Por: pijamasurf - 01/23/2012

Luego de haber nacido casi al mismo tiempo y crecido en el mismo lugar, un carnero y una cierva formalizarán su inusual vínculo afectuoso; una maniobra publicitaria (también) para este San Valentín.

Dos animales del Parque Zoológico de Yunnan, en China, celebrarán este San Valentín con la formalización de su vínculo amistoso más allá de los compromisos evidentemente amorosos que han adquirido. La particularidad de esta pareja, sin embargo, es que no se trata de una integrada por individuos de idéntica especie: Changmao es un carnero mientras que Chunzi es una gama (la hembra del gamo, un cérvido).

Las muestras de cariño que Changmao y Chunzi se prodigan entre sí van del acicalamiento de ella hacia él (como lo haría con un macho de su especie) al ataque de él hacia cualquiera que pretenda cortejarla a ella (como lo haría con una hembra de su especie). Se dice que esta relación pudo originarse porque ambos nacieron casi al mismo tiempo y crecieron en el mismo corral —“por ser todos herbívoros”, según explicó un encargado del parque. La constancia, según parece, es el secreto del amor.

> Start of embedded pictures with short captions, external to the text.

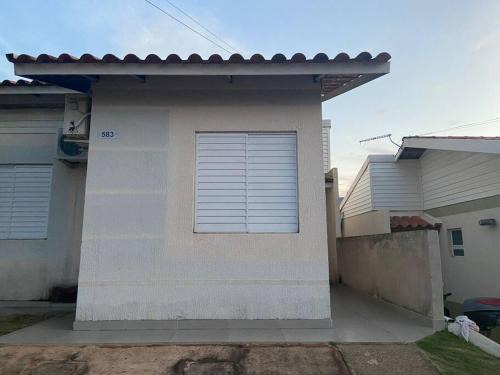 Casa próximo à Usina de Itaipu e Paraguai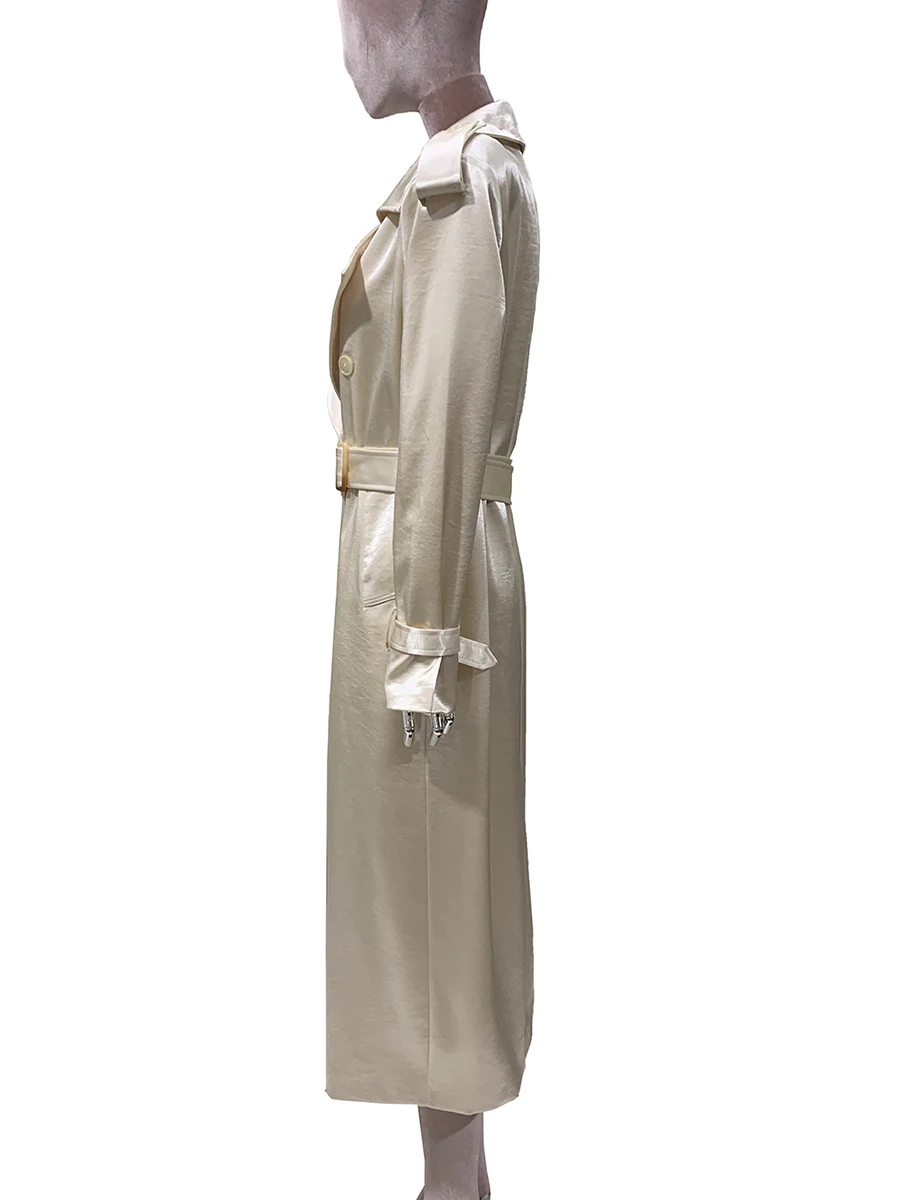 Mauroicardi Autunno Lungo Lucido Morbido Trench in Raso per Le Donne Cintura Elegante Chic Abiti di Design di Lusso Moda Europea 2025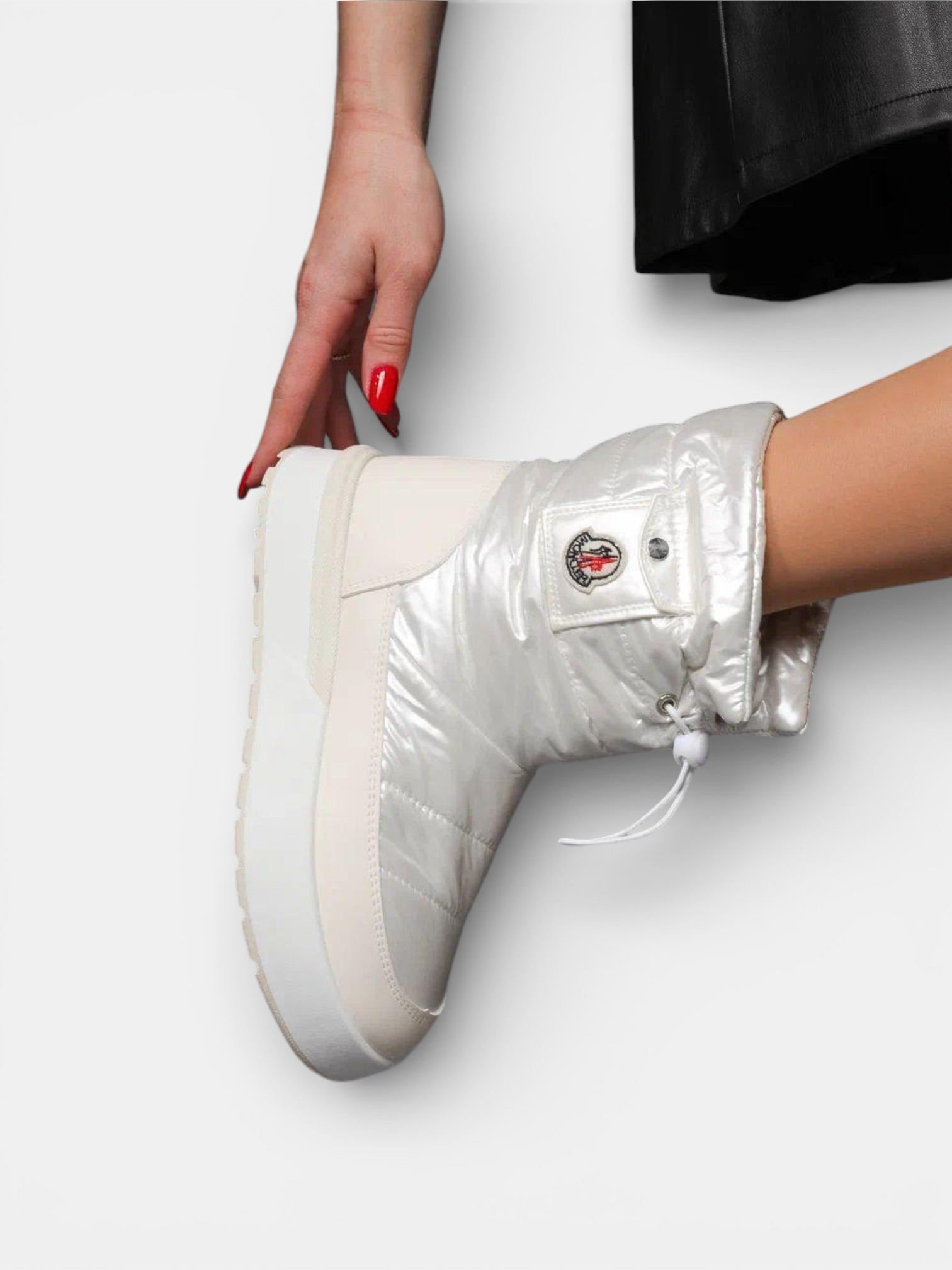 Дутики Moncler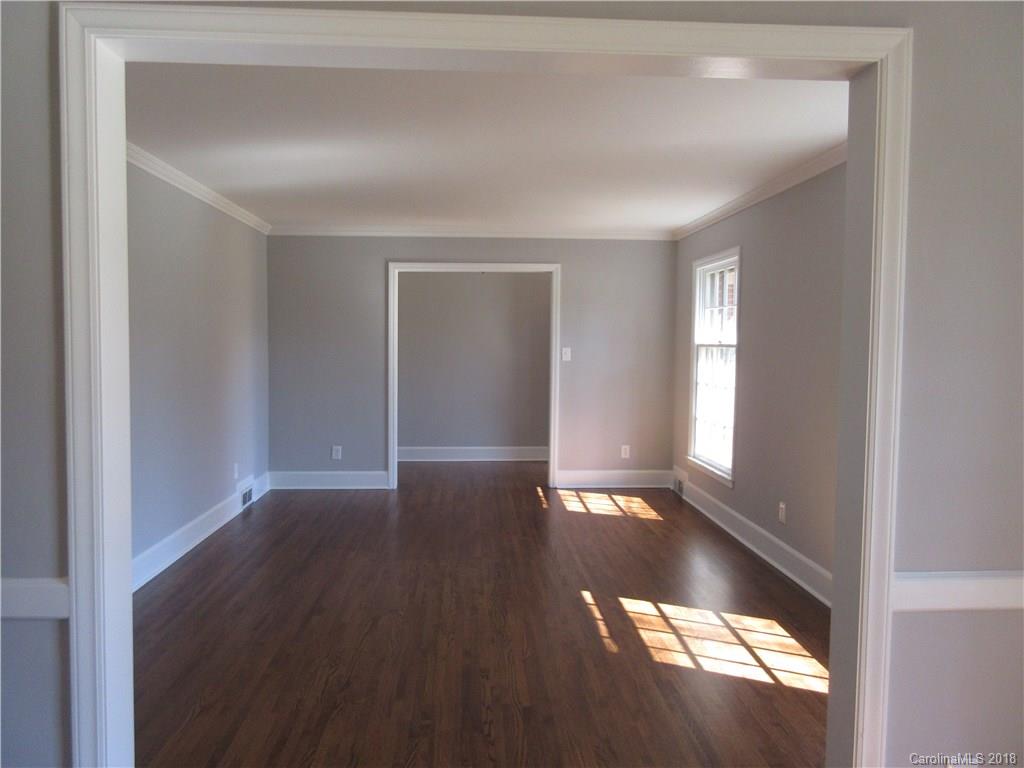 3433 Woodleaf Road, Unit 12 Charlotte, NC 28205 - Photo 12 of 27 Gallery Image 12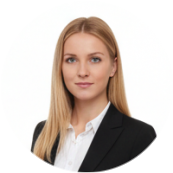 Карина Макарова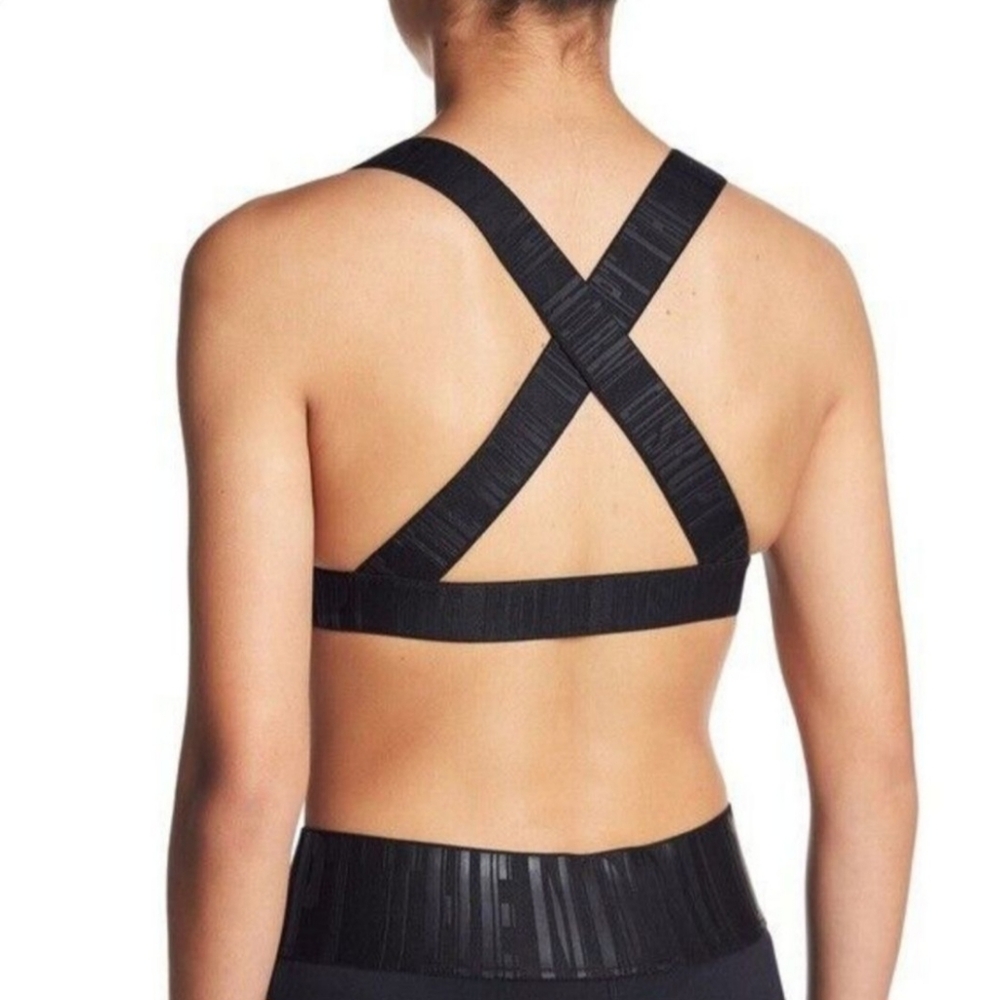 LIME & VINE - Harley Deep V-neck Sports bra In Black Size Small - Picture 2 of 10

El personal del zoo cuenta también que ya una vez intentaron separar a la pareja, cuando Changmao procreó un pequeño cordero con la única oveja del lugar, pero este reaccionó violentamente contra su cría y Chunzi no se apartaba de la cerca que los separaba, en un vano intento por estar cerca de él.

El asunto del matrimonio es, por supuesto, solo una maniobra publicitaria.